Required action —
Below are some records. Quote exactly the lines from the one that contains "YMC Suedehead Crew Neck Knit - Orange" through the last, both included, and leave out the pictures.

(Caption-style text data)
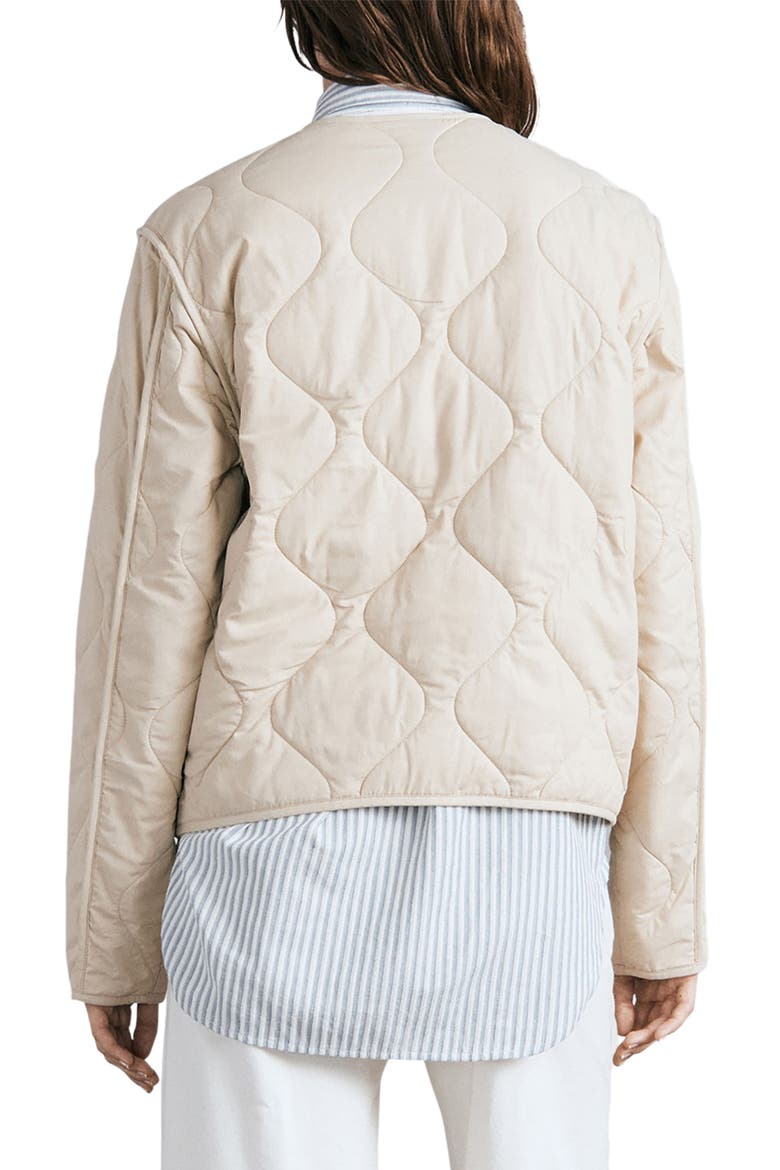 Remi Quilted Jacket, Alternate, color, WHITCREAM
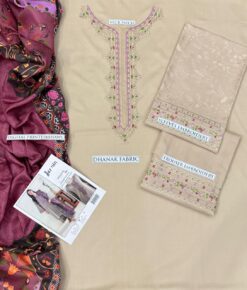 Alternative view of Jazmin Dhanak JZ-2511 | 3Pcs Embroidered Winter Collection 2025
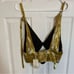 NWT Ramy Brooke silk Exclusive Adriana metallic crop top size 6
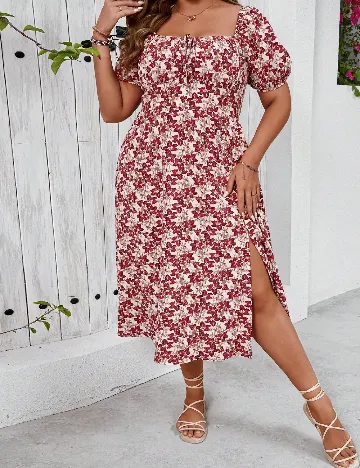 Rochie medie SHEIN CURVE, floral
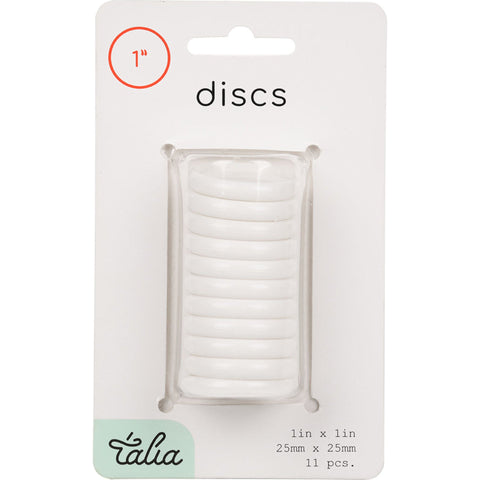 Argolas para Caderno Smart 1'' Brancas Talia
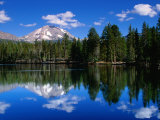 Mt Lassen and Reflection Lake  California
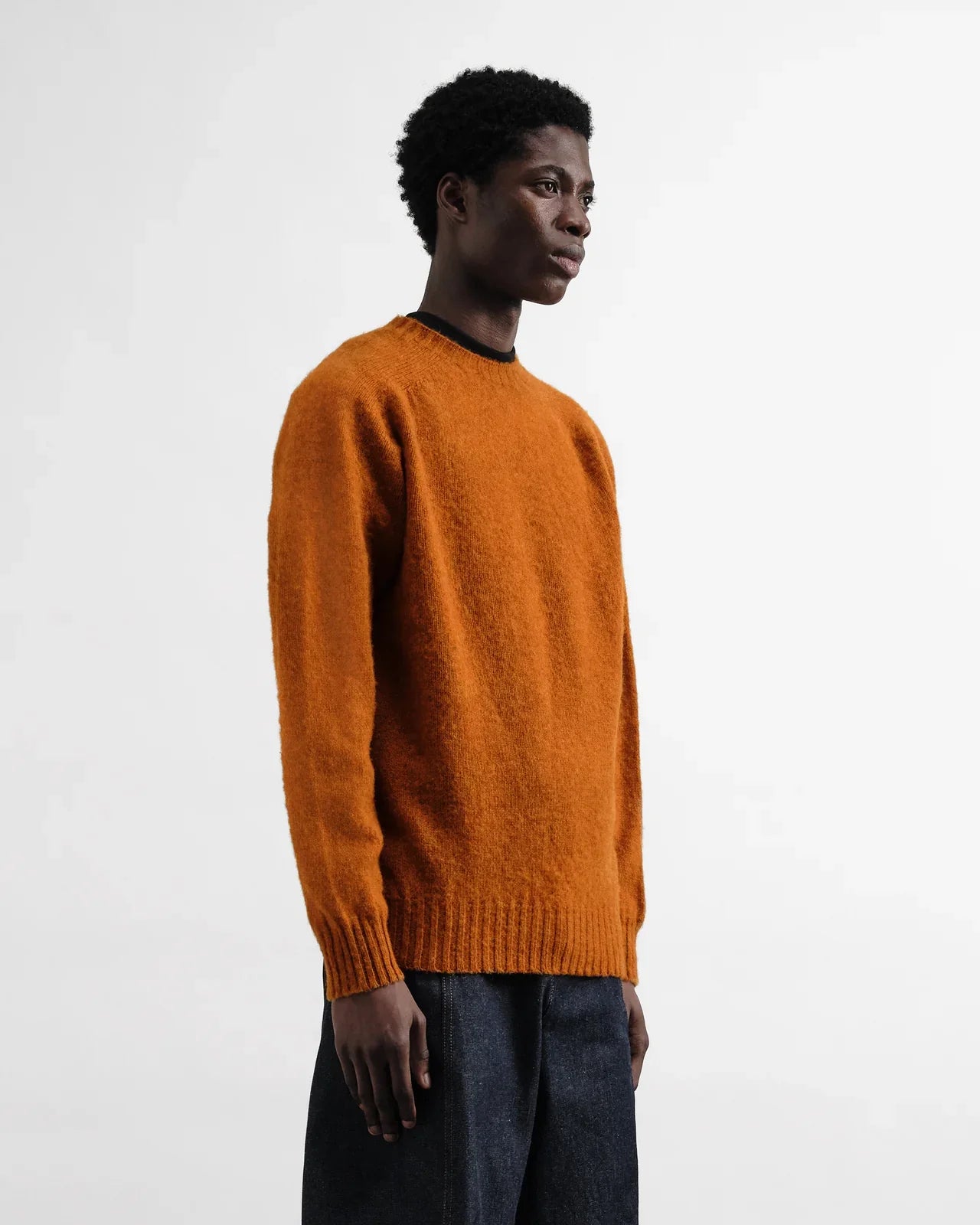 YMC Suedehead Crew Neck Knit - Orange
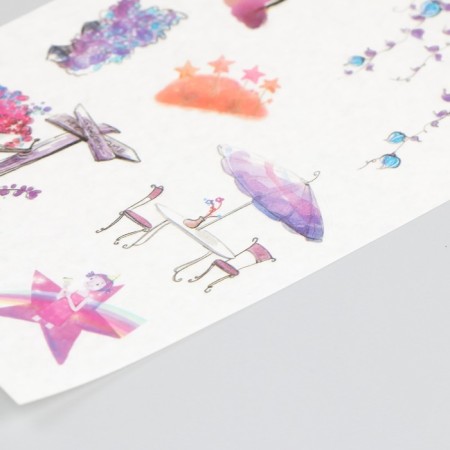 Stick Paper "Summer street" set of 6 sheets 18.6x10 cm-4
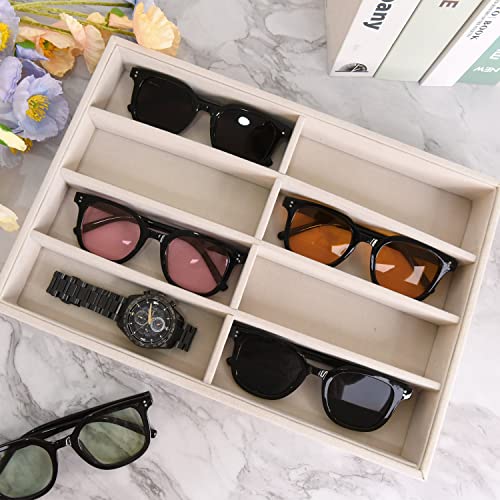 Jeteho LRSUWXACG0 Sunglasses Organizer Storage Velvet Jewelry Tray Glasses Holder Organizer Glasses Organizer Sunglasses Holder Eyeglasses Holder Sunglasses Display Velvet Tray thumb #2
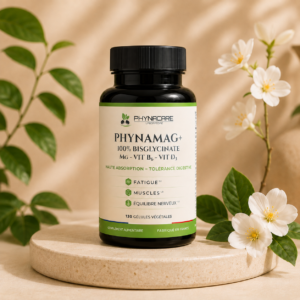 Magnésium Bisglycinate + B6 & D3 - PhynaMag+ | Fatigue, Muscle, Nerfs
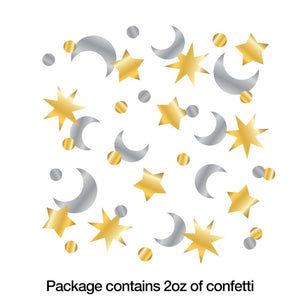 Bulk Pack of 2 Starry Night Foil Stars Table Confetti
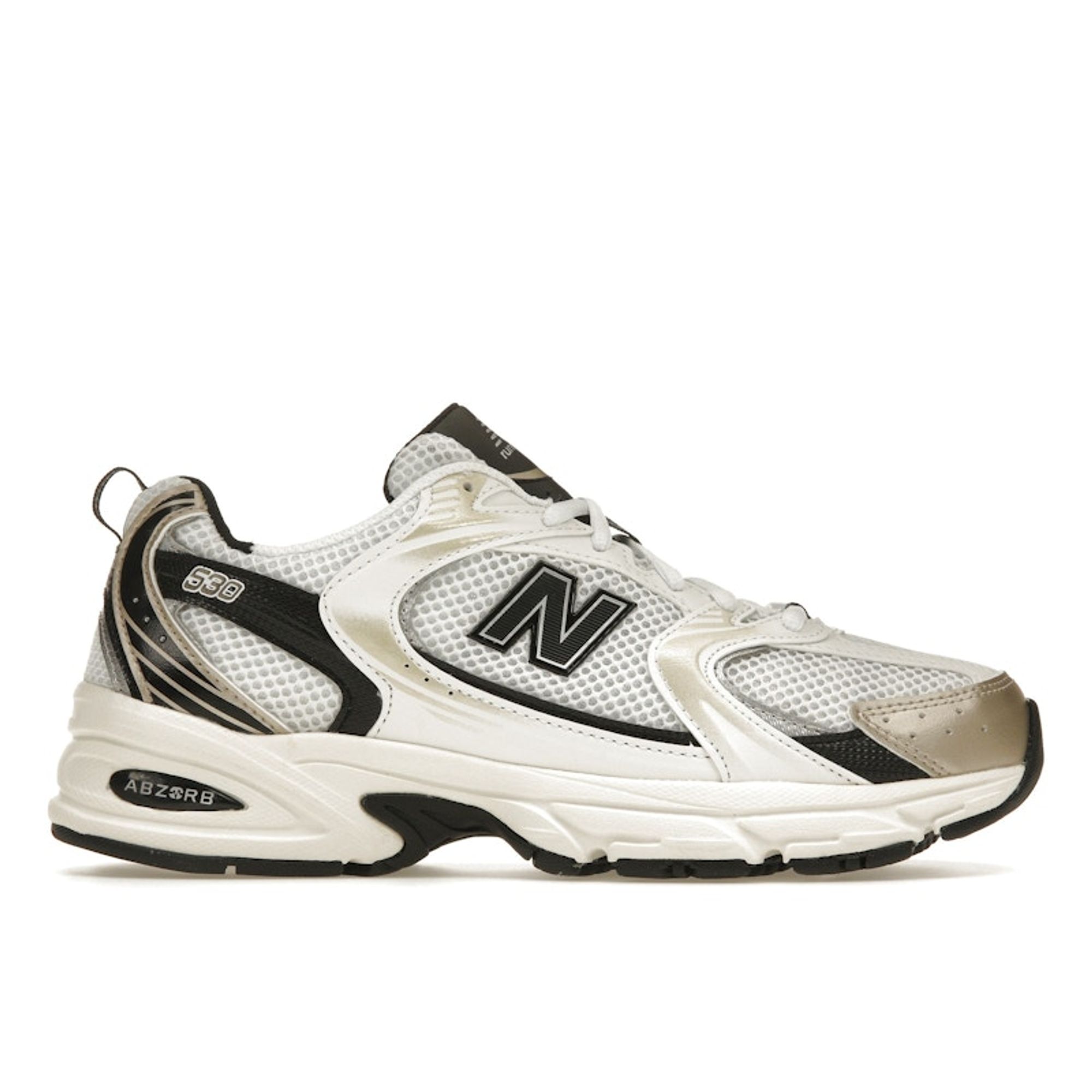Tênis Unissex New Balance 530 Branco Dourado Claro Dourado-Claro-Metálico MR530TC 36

Answer box —
 YMC Suedehead Crew Neck Knit - Orange
 Stick Paper "Summer street" set of 6 sheets 18.6x10 cm-4
 Jeteho LRSUWXACG0 Sunglasses Organizer Storage Velvet Jewelry Tray Glasses Holder Organizer Glasses Organizer Sunglasses Holder Eyeglasses Holder Sunglasses Display Velvet Tray thumb #2
 Magnésium Bisglycinate + B6 & D3 - PhynaMag+ | Fatigue, Muscle, Nerfs
 Bulk Pack of 2 Starry Night Foil Stars Table Confetti
Tênis Unissex New Balance 530 Branco Dourado Claro Dourado-Claro-Metálico MR530TC 36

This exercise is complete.